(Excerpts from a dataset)
=======

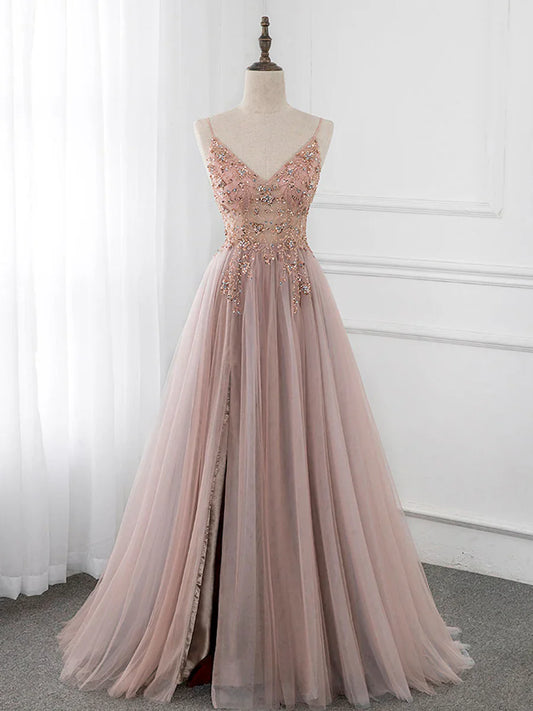 A-Line V Neck Tulle Beading Pink Long Prom Dress. Pink Formal Dress ED0690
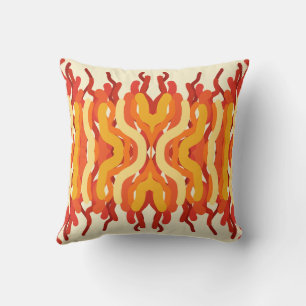 Dancing Sunburst Pop Of Colour Abstract Art Throw Pillow
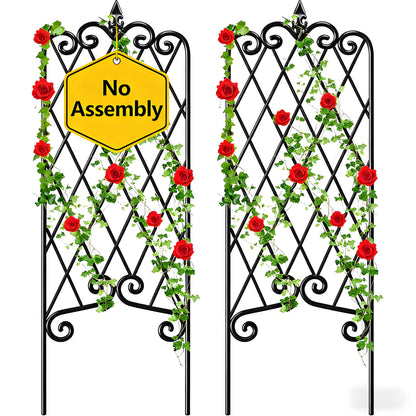 Amagabeli Garden Trellis for Climbing Plants 47” x 16” Rustproof Black Iron Plant Trellis Potted Vines Vegetables Flowers Patio Metal Wire Lattices Grid Panels for Ivy Cucumbers Clematis 2 Pack GT03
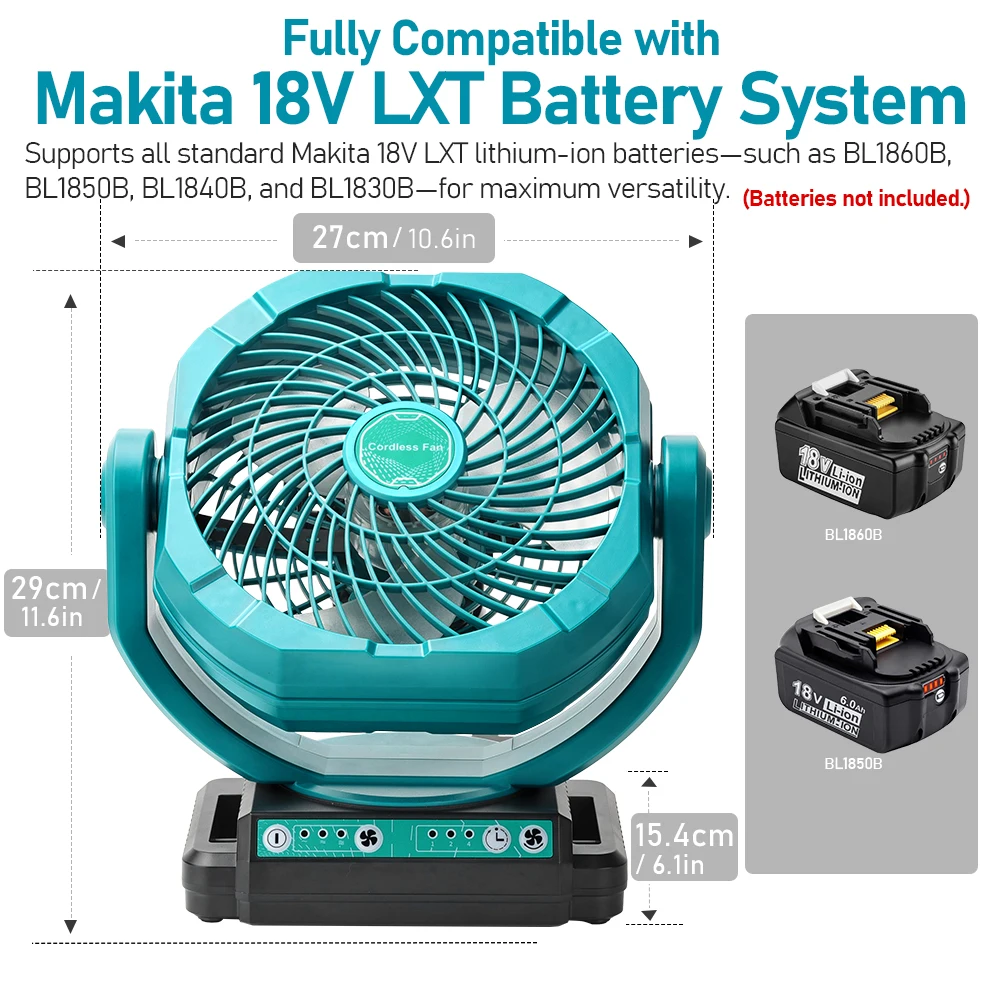 Cordless Oscillating Fan for Makita 18V Battery, 3-Speed Jobsite Industrial Camping Fan (Battery Not Included)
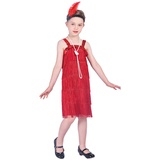 Rabtero Kinder Roaring the 20er Jahre Fancy Kleid Kostüm, Mädchen Flapper Kleid mit Perlenkette und Feder Stirnband, Gangster Flapper Kleid für Mädchen, rot, X-Large 10-12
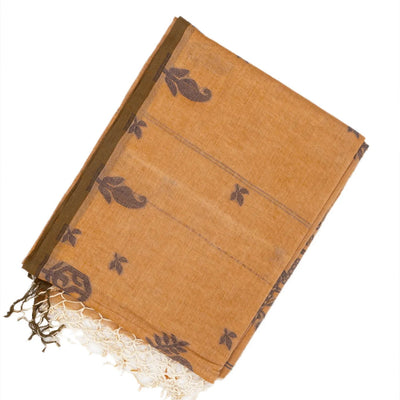 Sandal Woven Bengal Cotton Saree With Floral Motifs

=======

The goal is an exact reprint of the entries, leaving out the pictures.

=== Response ===
 A-Line V Neck Tulle Beading Pink Long Prom Dress. Pink Formal Dress ED0690
 Dancing Sunburst Pop Of Colour Abstract Art Throw Pillow
 Amagabeli Garden Trellis for Climbing Plants 47” x 16” Rustproof Black Iron Plant Trellis Potted Vines Vegetables Flowers Patio Metal Wire Lattices Grid Panels for Ivy Cucumbers Clematis 2 Pack GT03
 Cordless Oscillating Fan for Makita 18V Battery, 3-Speed Jobsite Industrial Camping Fan (Battery Not Included)
 Rabtero Kinder Roaring the 20er Jahre Fancy Kleid Kostüm, Mädchen Flapper Kleid mit Perlenkette und Feder Stirnband, Gangster Flapper Kleid für Mädchen, rot, X-Large 10-12
 Sandal Woven Bengal Cotton Saree With Floral Motifs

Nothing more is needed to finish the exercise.